The medication stays in the dog’s bloodstream, quickly dispatches parasites, and prevents others from taking any long-term residency. These medications are generally very effective, but some have side effects for a few other breeds, so be sure to consult your vet before providing any medication to your dog.
Spot-on treatments are a very popular way to get rid of ticks on dogs. The treatment liquid or gel is generally applied between your dog’s shoulder blades, where they can’t reach it. The medication then enters the dog’s bloodstream, killing any ticks on the dog fast and similarly preventing future parasites to oral medications.
Be conscious of any skin reactions your dog may have, as some products can inflame or irritate the skin of specific animals. Also, keep your hands away from the application zone for the recommended period to avoid harmful contamination.
Tick collars are an easy method to get rid of ticks on dogs. They are secured around the dog’s neck in the same manner as a traditional collar and use medicine to kill any ticks that come into contact with the area around the head and neck. The longevity of tick collars varies and can last up to 8 months, and it is the only one suggested by the CCSPCA.
Some medication also enters the dog’s bloodstream, making it less likely for other infestations. Make sure to keep away from touching the collar, and be sure to wash your hands if you do come into touch.
Tick sprays are the product you’ll find in many pet stores. Not only do they advise them for topical application on dogs, but many are also prepared to be spread within the house to help control other pests such as fleas.
Read the directions carefully before use. Make sure to use caution when using it and avoid contact with your skin if possible, as well as you or your dog breathing the spray. Also, consider whether or not this is the right product for you, specifically if you have small children.
As ticks represent a danger to your dog’s health through the infectious nature of their feeding habits, it’s only natural that we cover the symptoms of tick-borne infection.
Ticks are responsible for the transmission of many diseases, including:
- Lyme disease
- Rocky Mountain Spotted Fever
Monitor your dog closely after being bitten by even a single tick, as that’s all it takes to infect them.

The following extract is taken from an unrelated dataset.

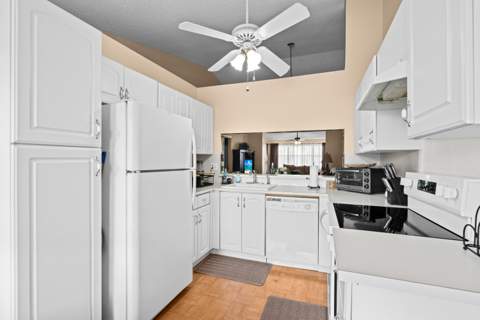 7593 Tahiti Lane, Greenacres FL - photo 7 of 38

The symptoms of each of these diseases can be different, but pay attention for:
- General lameness
- Stiffness or Pain
- Inflammation and redness around the bite area
- Loss of appetite
- Reluctance to move, eat, etc.
These are all symptoms of the various diseases listed above and should be treated as soon as possible.
What to Do
Ticks’ diseases can be severe and should be treated as early as possible. However, if your dog sounds any of the symptoms listed above, visit your vet instantly. Talk to them about the potential risk of infection and whether or not you’ve seen ticks on your dog.
Now that you know how to get rid of ticks on your dog, keep an eye out for symptoms. Monitor your dog if exposed to areas where ticks may be prevalent and check them daily.